Early in Stephen Kaplan's A Real Boy, now playing at 59E59 Theaters, Miss Terry, a kindergarten teacher, calls the parents of one of her students in for a conference. Her concern? Their son, Max, is using only black and white crayons to draw — a choice, Miss Terry believes, that may point to abuse. It turns out that the real reason is quite the opposite: overprotectiveness. "We live in a complicated world," Max's dad tells Miss Terry, explaining why he won't allow his son to use colors, "and all we want is to make things as simple for him as possible."
This attitude, contrived as it is, echoes real-life objections to school curricula. Last month, Florida passed a law allowing any resident of the state to challenge classroom material he or she considers inappropriate. And back in 2010, Arizona banned ethnic studies classes in K-12 public schools. Given these circumstances, crayon color in A Real Boy seems to symbolize race or ideology. If Kaplan had stayed focused on this metaphor, his play might have worked. Instead, the color concept fades as other symbolic strands get knottier and knottier.
Now would be a good time to mention that Max's parents are puppets. In the world of the play, puppethood seems to be a nonhereditary condition that some people develop as early as childhood. Puppets occupy a place in society analogous to that of queer people in the United States. "I have many good, good friends that are puppets," Miss Terry assures Max's parents. Before long, Max himself sprouts a string in her classroom, a development that sends him crying into her arms and pushes her compassion to the, well, max. She refuses to part with the boy, citing the legal principle in loco parentis. She has the loco part right.
Incredulous? You should be. While Max's palette is limited, Kaplan's is too varied. He's colored his play with so much commentary — about oppression, family values, and, once Max's kidnapping sets off a political controversy, the state's role in education — that the result disorients rather than illuminates.
The staging, under the sloppy direction of Audrey Alford, adds to the confusion. The puppets carry out everyday actions inconsistently, at one point miming them (putting a cake in the oven) and at other times performing them (painstakingly opening a kitchen cabinet). There's a more basic problem, though: It's hard to see what's happening. The stage area is a wide strip with audience members seated on either side, basketball court-style.
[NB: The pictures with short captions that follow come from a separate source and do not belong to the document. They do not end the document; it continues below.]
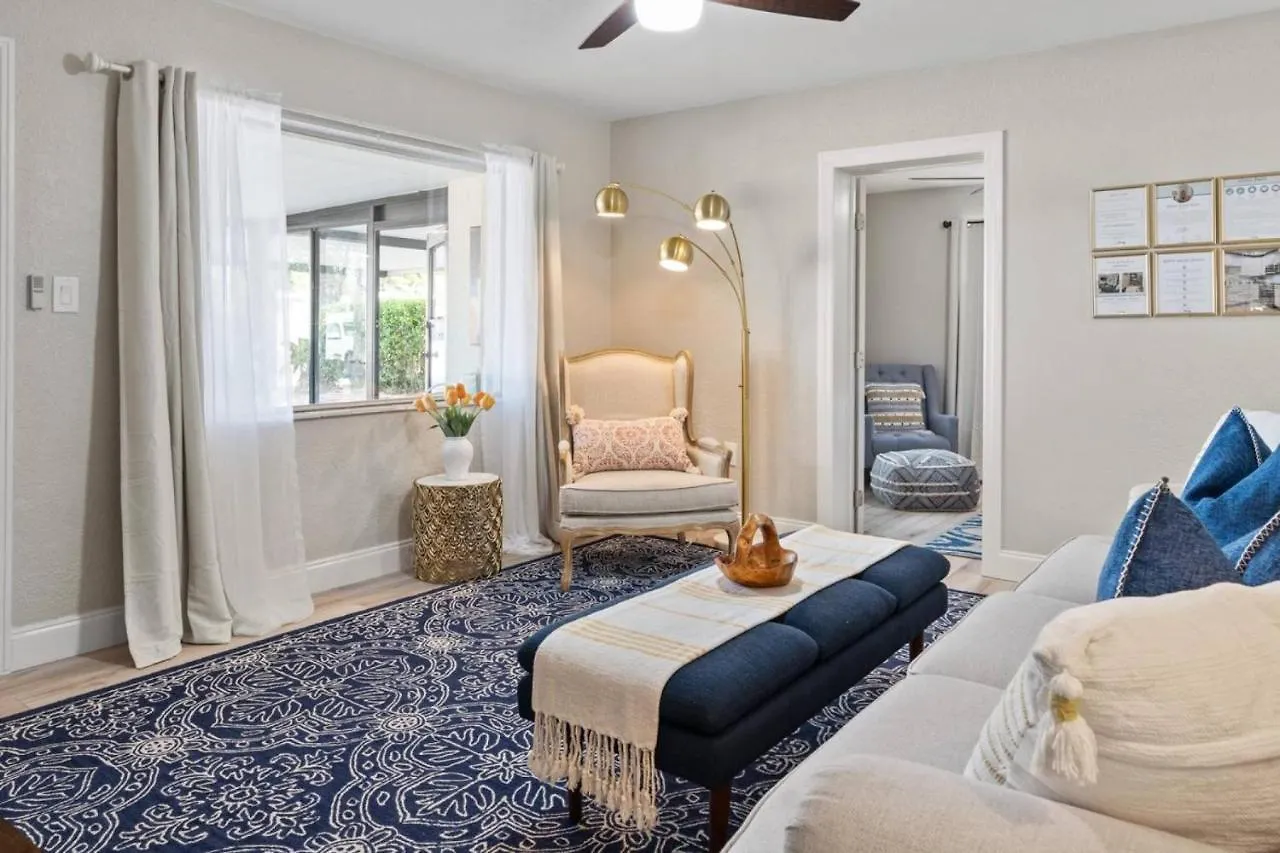 Ferienhaus Tranquil Times A Serene 3Br Close To Rj Stadium With Screened Heated Pool, Outdoor Kitchen And Yard Chess Tampa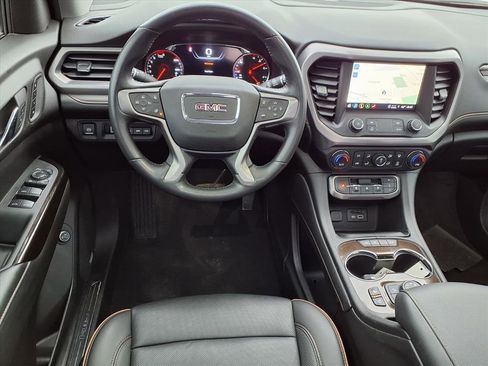 Used 2022 GMC Acadia AT4 w/ Technology Package image 2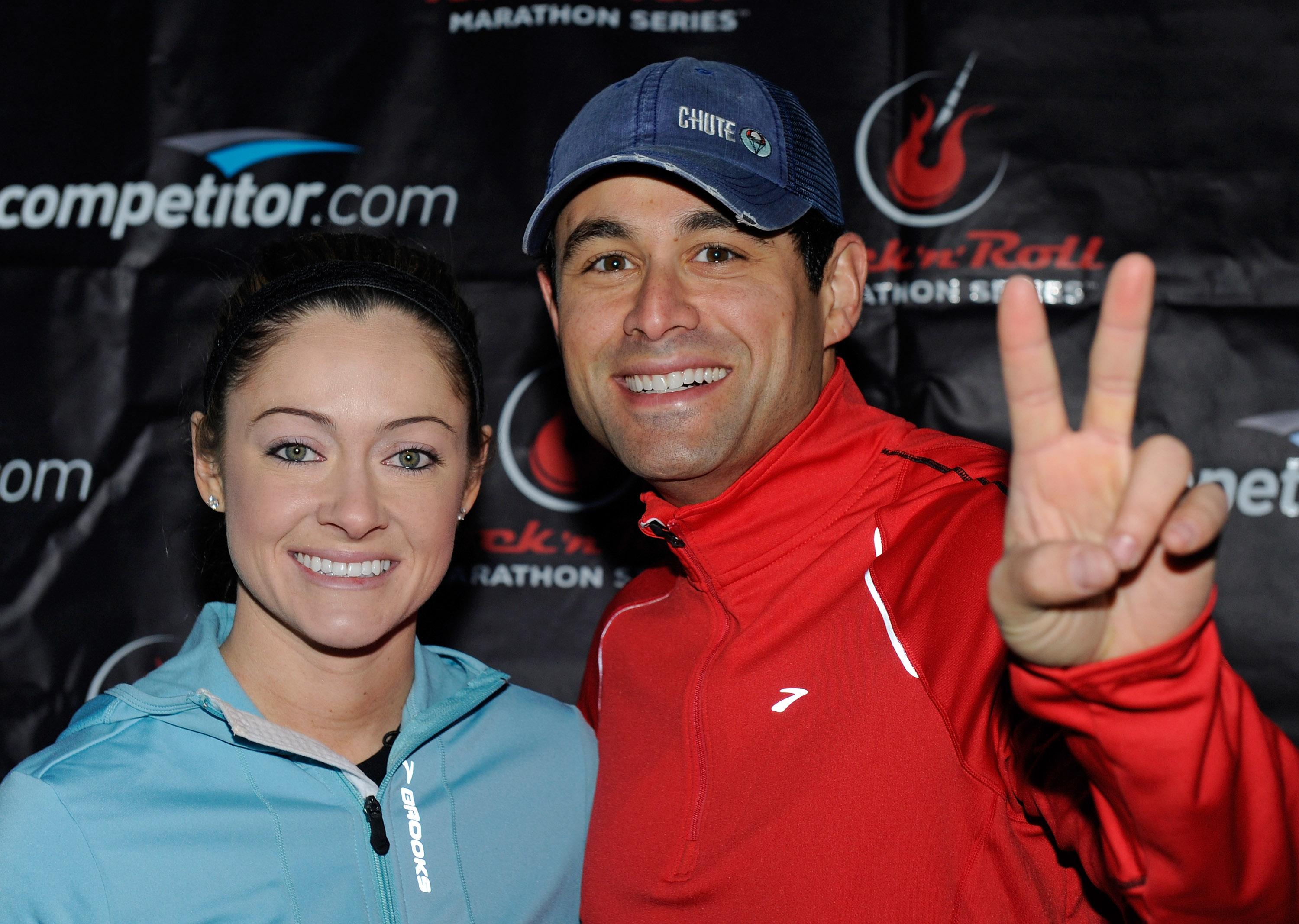 Molly Malaney smiles as Jason Mesnick grins and holds up a "peace" sign with his fingers. 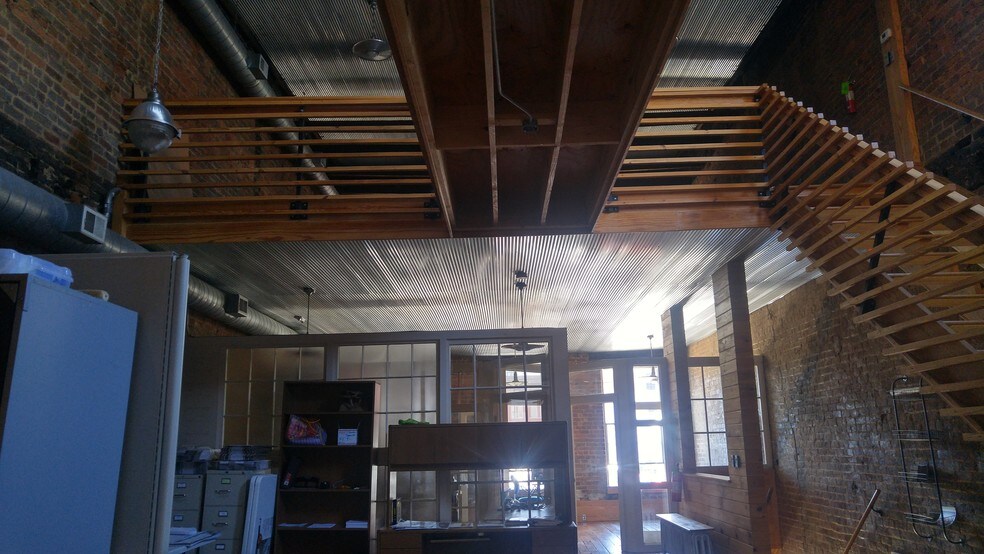 More Photos Of 714 Gay, Knoxville General Retail For Lease
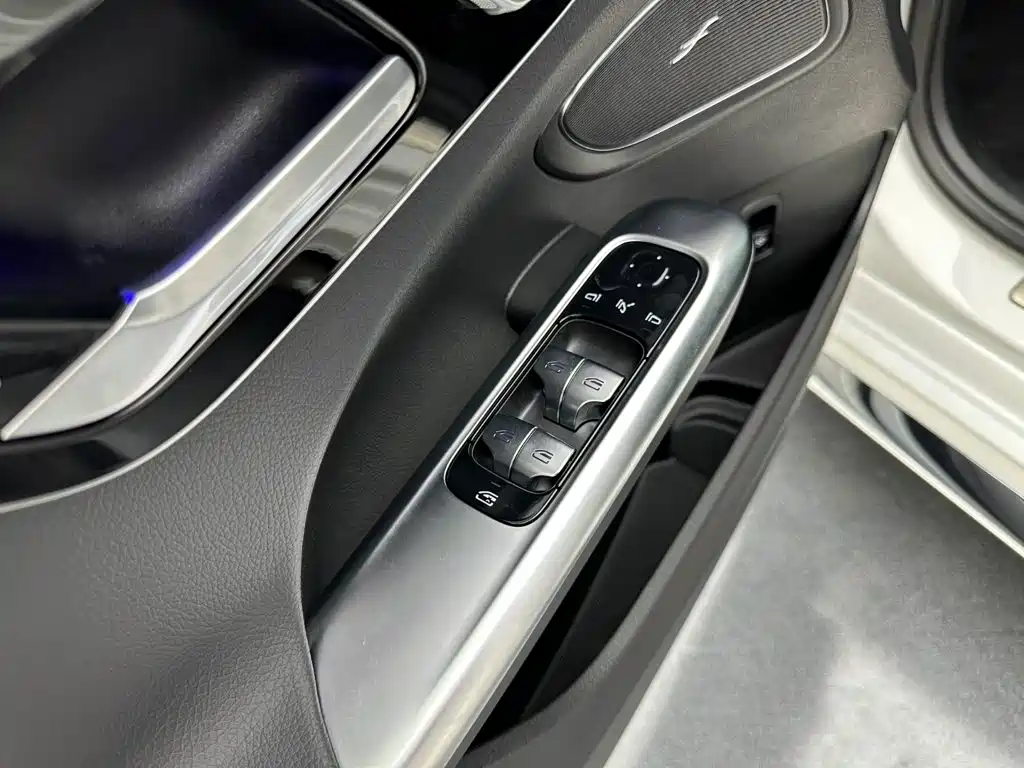Фото 14 - Mercedes-Benz C-Class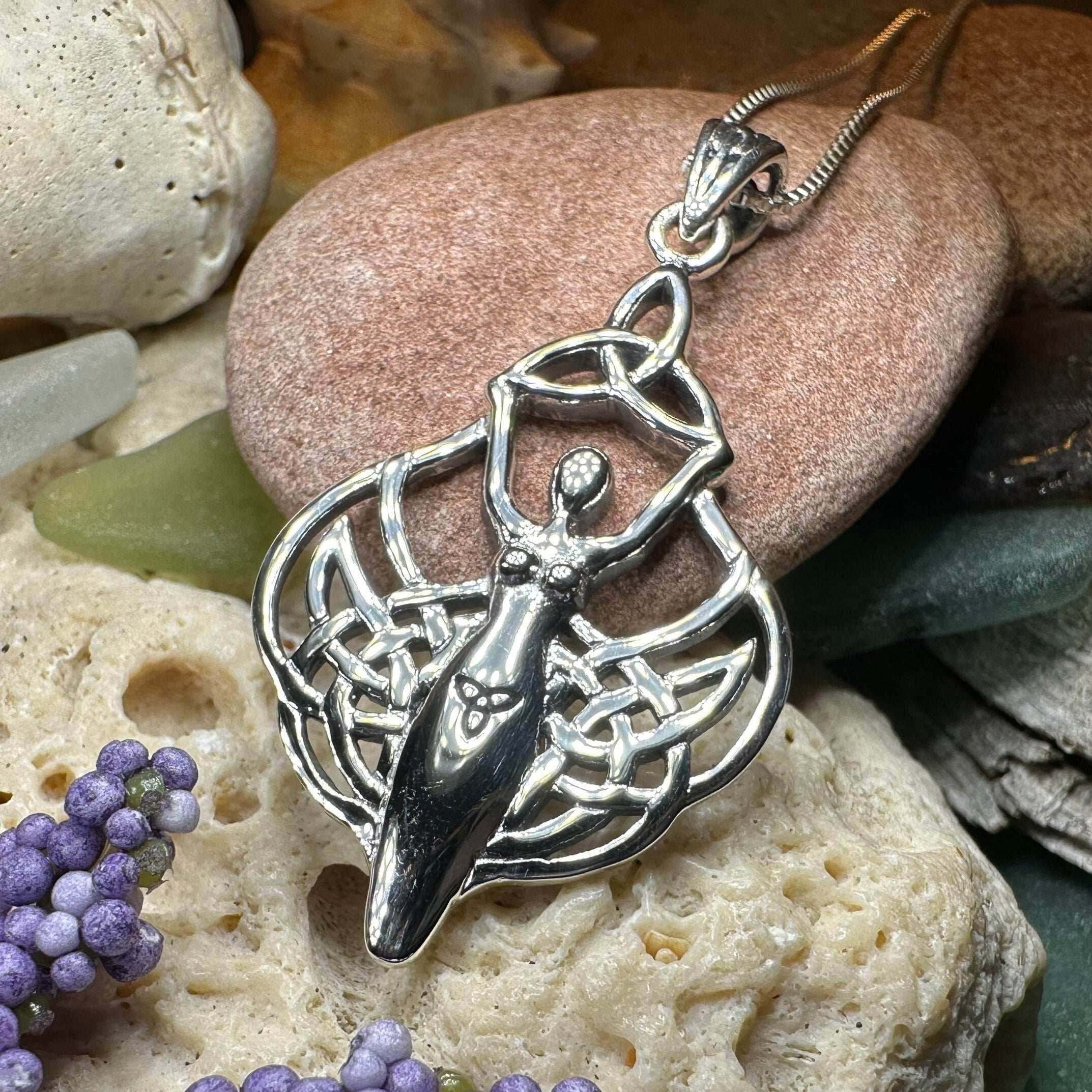 Danara Danu Goddess Necklace - 18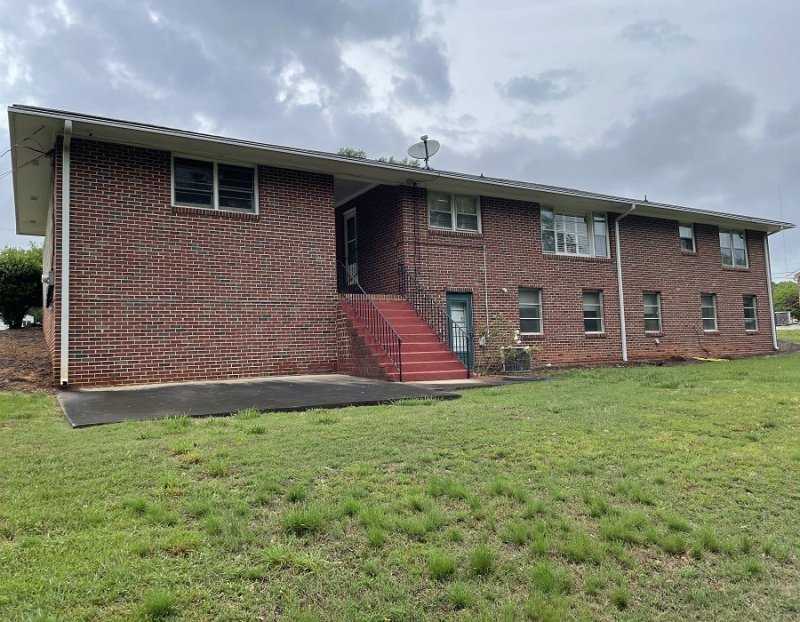 Property image 2 at 25 Yown Road, Greenville, SC 29611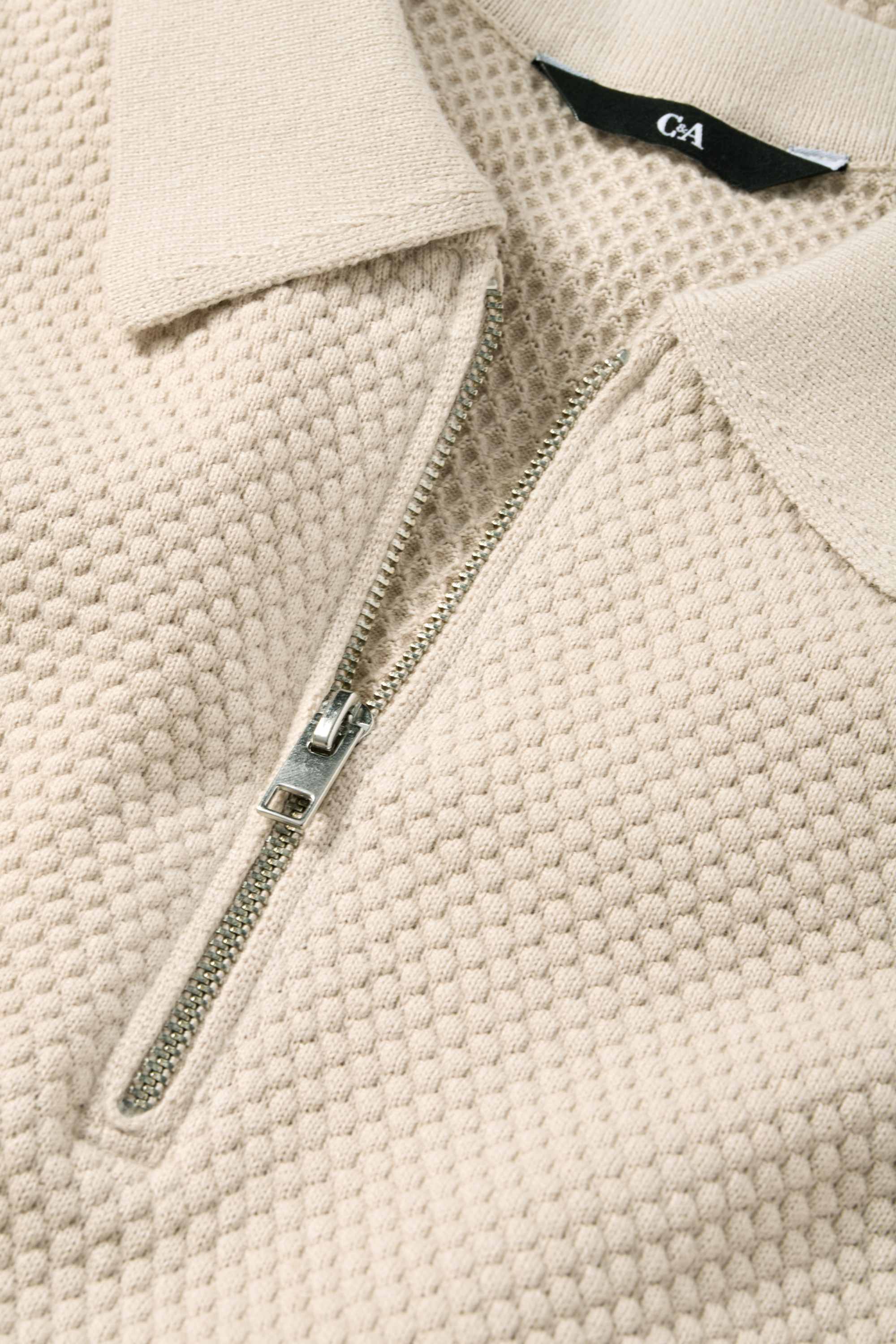 Knitted polo shirt - regular fit - textured light beige
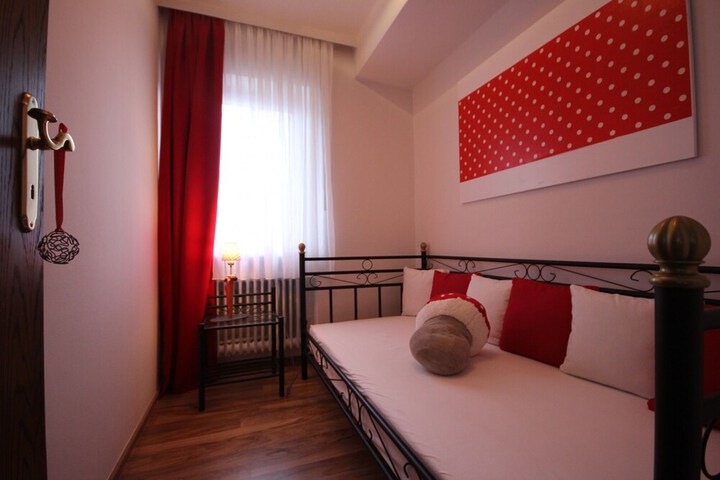 Room 10 of 25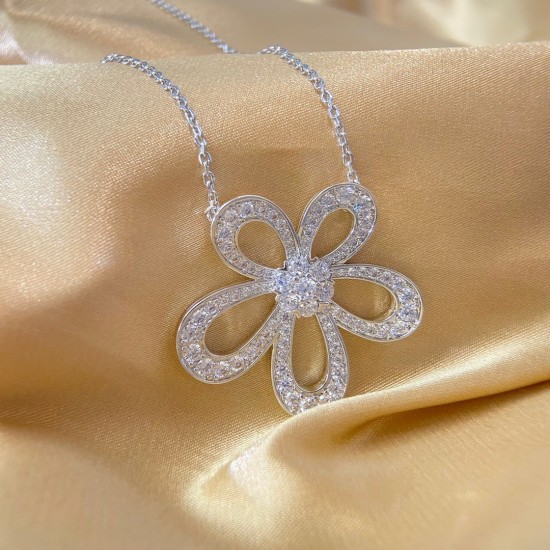 Van Cleef & Arpels Flowerlace Pendant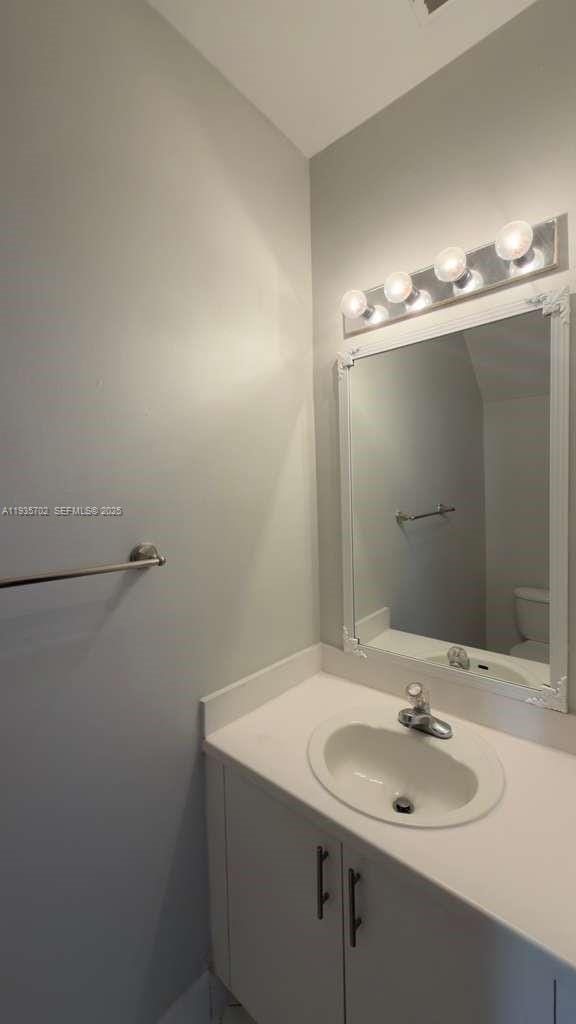 Building Photo - 3948 San Simeon Ln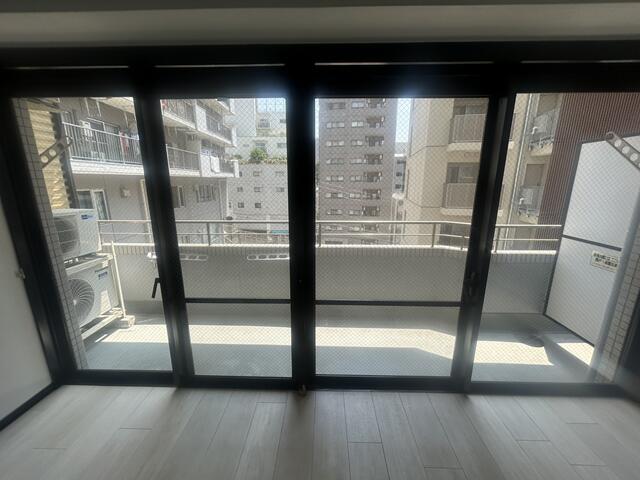402号室 3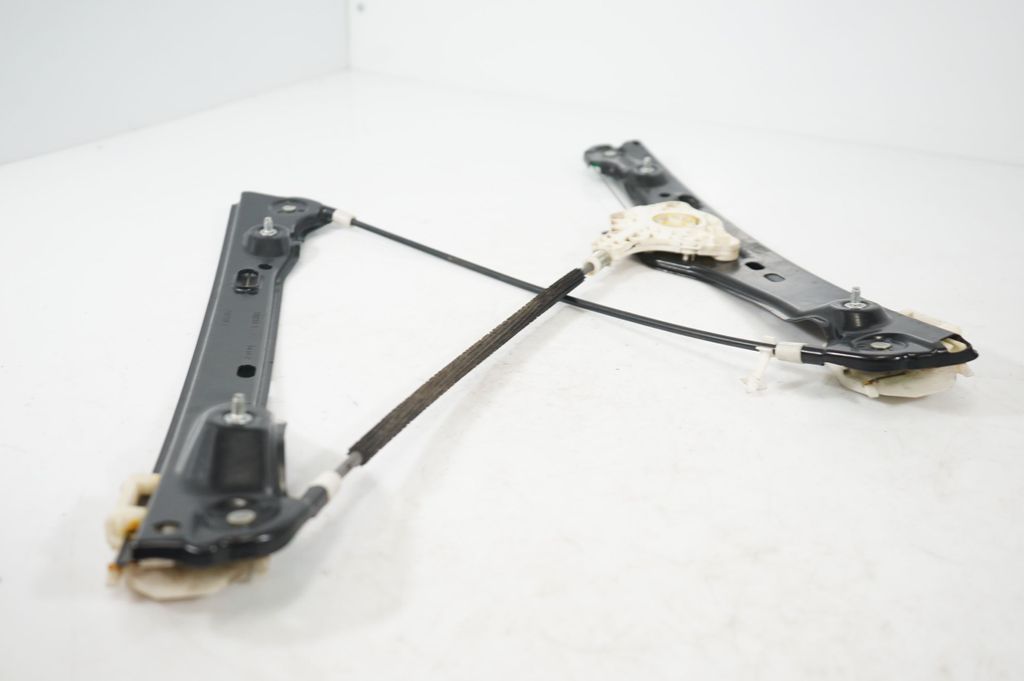 Front door window regulator with motor (6)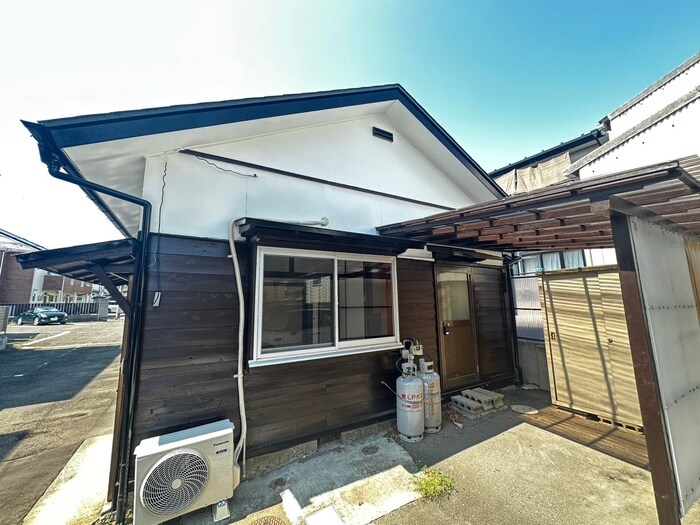 新田四丁目貸家の物件外観写真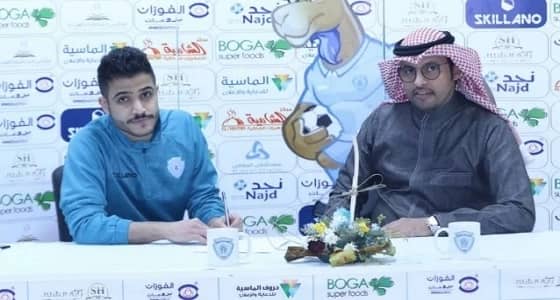 بالصور.. الباطن يوقع مع حلواني بنظام الإعارة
But because the stage is a lot smaller than a basketball court and the puppets are three-foot marionettes, the action often gets blocked from view by actors' bodies.
Which, frankly, is just as well. The puppets are unprepossessing wooden contraptions with expressionless papier-mache heads, designed (a generous term) by Puppet Kitchen Productions. Worse, their operators don't inhabit them as characters; they carry them like props. Max's dad occasionally raises his hand and his put-upon mom shakes her head, but the puppeteers — Brian Michael and a puzzlingly cross-gender-cast Jason Allan Kennedy George — put so much expression into their own bodies and faces that they distract from the puppets themselves.
While the puppets are underwhelming, the human characters are overdone, especially Jenn Remke's Miss Terry. Her concern for Max is so extreme that when she delivers a line such as "I have always thought of my classroom as a home for my students, and so my taking Max is simply bringing him home," she sounds more like a cult leader than a teacher. Katie Braden as a tweeting lawyer advising Max's parents and Danie Steel as a congressperson who supports Miss Terry's "family values" are also wackos, Braden at least entertainingly so. As the conflict-averse, self-preserving principal, Jamie Geiger embarrasses himself least.
One bright spot in the production, literally and figuratively, is Ann Beyersdorfer's set. The kindergarten classroom she's designed roils with color, from the paper rosettes dangling above to the pink, green, blue, red, yellow, and orange foam mat on the floor. At one end of the stage, a small proscenium frames the puppets' home, its black-and-white appliances and furniture opposing the classroom decor. At least there's plenty to feast your eyes on even if you can't always see the action.
Somewhere deep in A Real Boy is a profound question about education. Should parents be allowed to limit what children learn in school, whether it has to do with different colors or different ethnicities? For all her delusion, Miss Terry recognizes there's a fourth "R" as important to teach as reading, writing, and arithmetic: reality. If Kaplan and other members of this production had studied reality more closely themselves, they might have given audiences a real play.